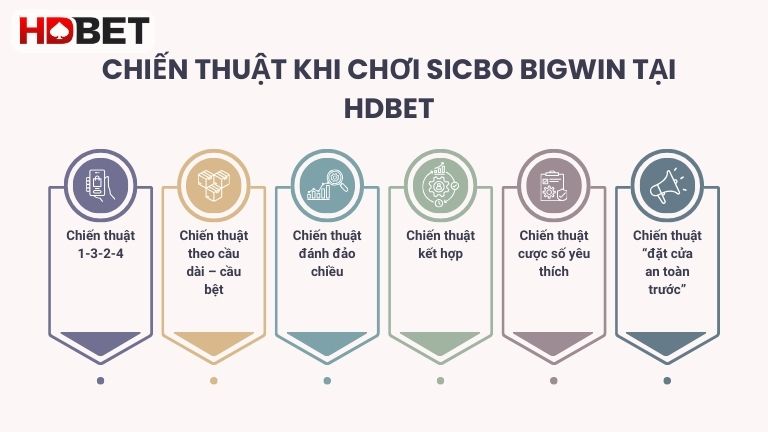 Chien Thuat Khi Choi Sicbo Bigwin Tai Hdbet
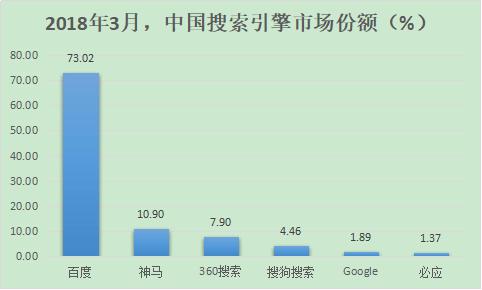 除了百度，國內還有哪些好的搜索引擎？ 2018年搜索引擎排名份額（國內搜索引擎排行榜）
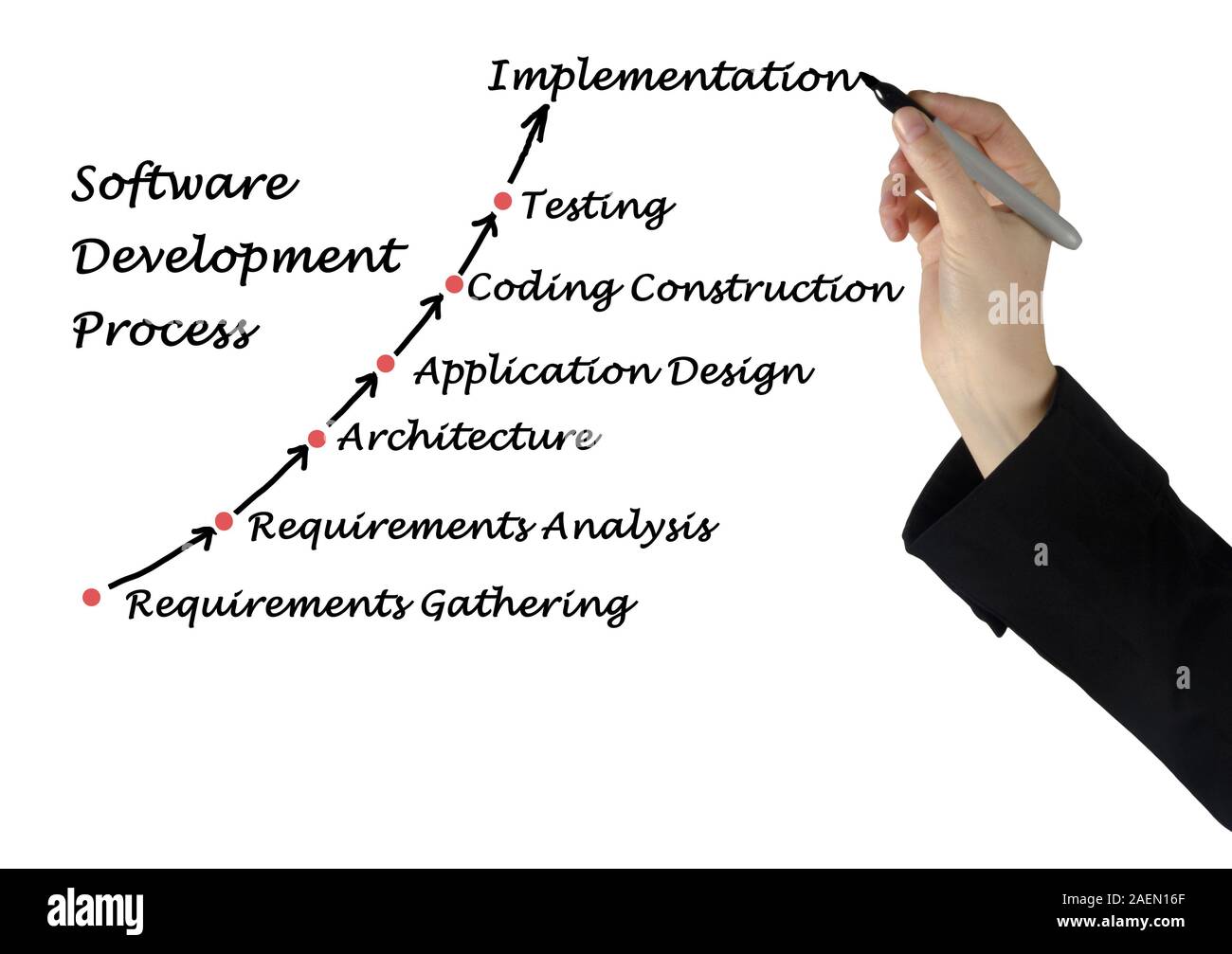 Software Development Process Stock Photo - Alamy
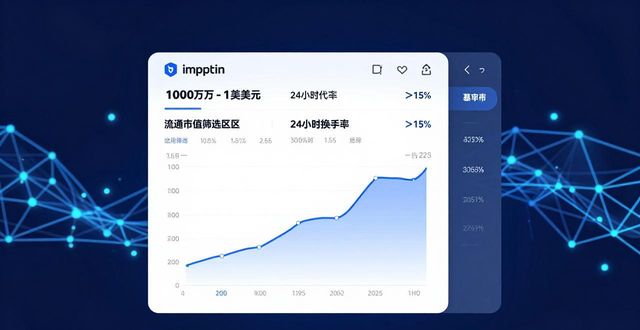 如何在imToken 2.0钱包安卓版中选择高潜力资产？_钱包项目有哪些比较出名_钱包app安全可靠吗
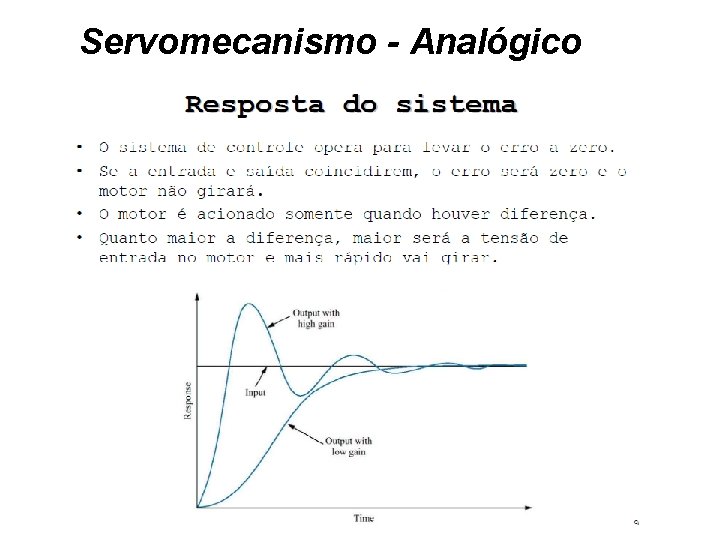 Servomecanismo - Analógico 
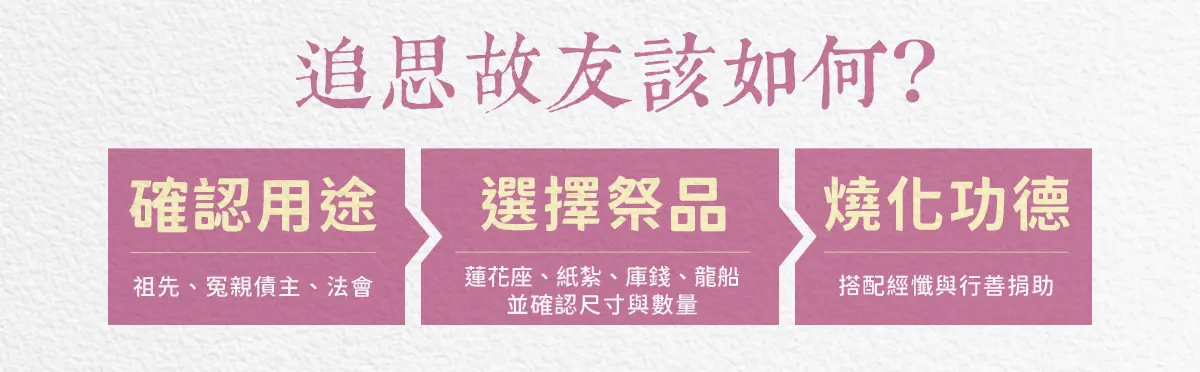 追思故友 index 03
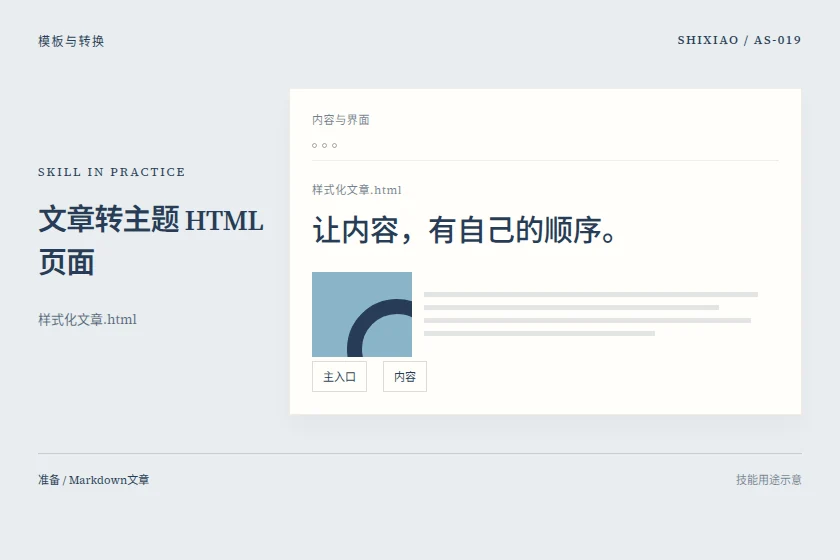 文章转主题 HTML 页面用途示意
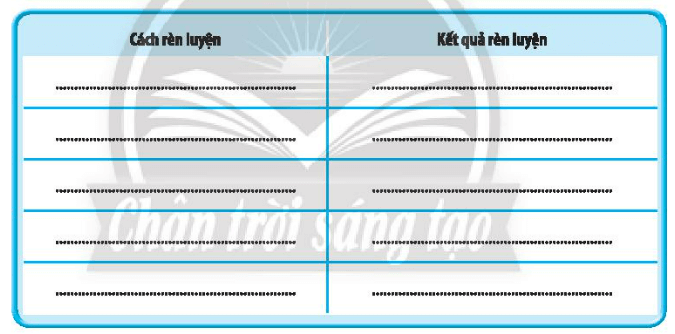 Viết những cách rèn luyện đáp ứng yêu cầu về phẩm chất và năng lực của nghề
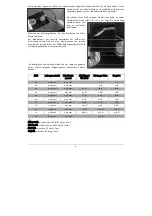 Preview for 8 page of Alluris FMT-100WT Operation Manual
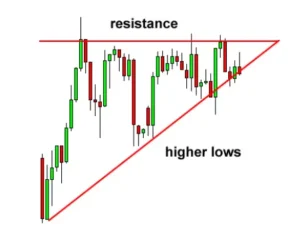 How to Trade Triangle Chart Pattern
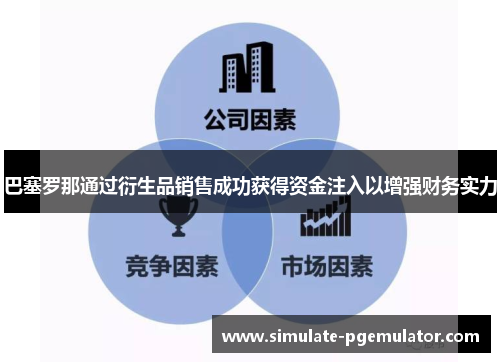 巴塞罗那通过衍生品销售成功获得资金注入以增强财务实力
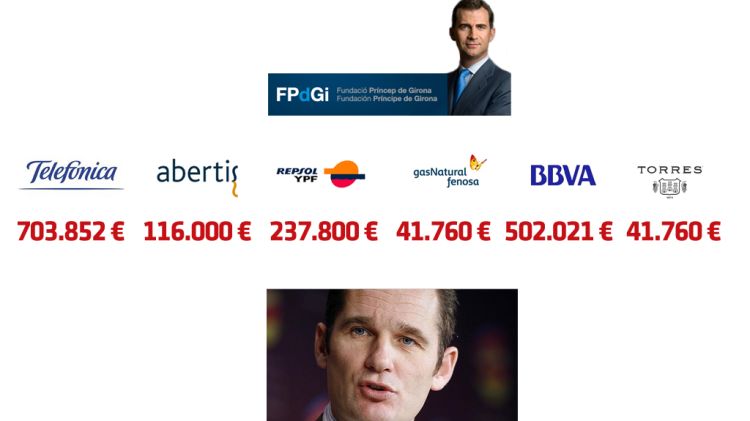 Gràfic amb les aportacions de les empreses a la Fundación Nóos © Solidaritat Catalana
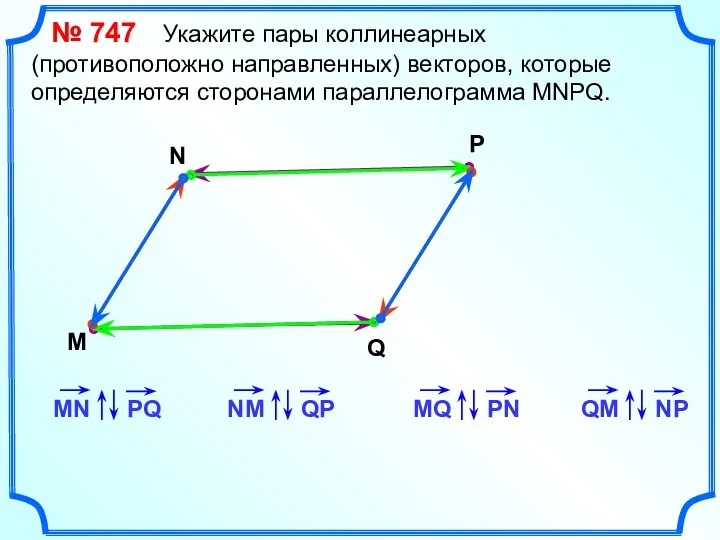 № 747 Укажите пары коллинеарных (противоположно направленных) векторов, которые определяются сторонами параллелограмма MNPQ.
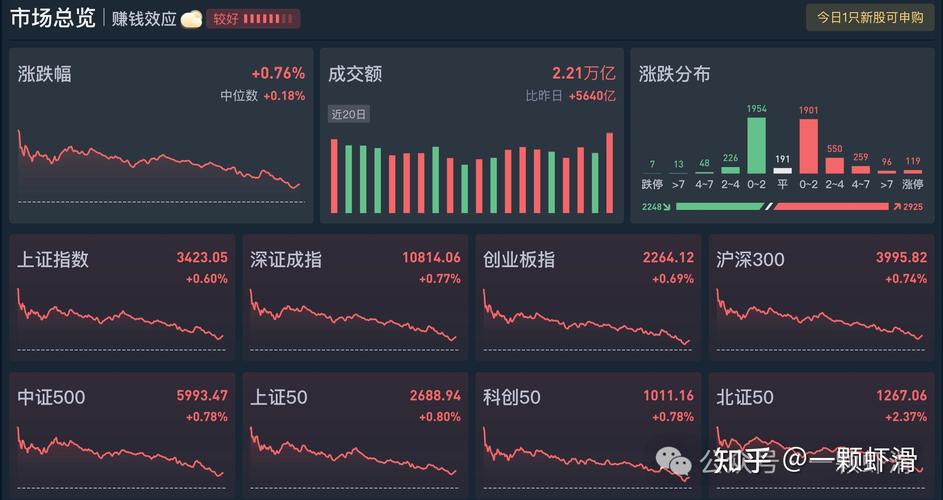 今年A股市场回暖沪指涨幅近30%，线上配资平台却频频跑路为何？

■ Problem statement ■
Output the data exactly, pictures omitted.

■ Response to this task ■
 Chien Thuat Khi Choi Sicbo Bigwin Tai Hdbet
 除了百度，國內還有哪些好的搜索引擎？ 2018年搜索引擎排名份額（國內搜索引擎排行榜）
 Software Development Process Stock Photo - Alamy
 如何在imToken 2.0钱包安卓版中选择高潜力资产？_钱包项目有哪些比较出名_钱包app安全可靠吗
 Servomecanismo - Analógico 
 追思故友 index 03
 文章转主题 HTML 页面用途示意
 Viết những cách rèn luyện đáp ứng yêu cầu về phẩm chất và năng lực của nghề
 Preview for 8 page of Alluris FMT-100WT Operation Manual
 How to Trade Triangle Chart Pattern
 巴塞罗那通过衍生品销售成功获得资金注入以增强财务实力
 Gràfic amb les aportacions de les empreses a la Fundación Nóos © Solidaritat Catalana
 № 747 Укажите пары коллинеарных (противоположно направленных) векторов, которые определяются сторонами параллелограмма MNPQ.
 今年A股市场回暖沪指涨幅近30%，线上配资平台却频频跑路为何？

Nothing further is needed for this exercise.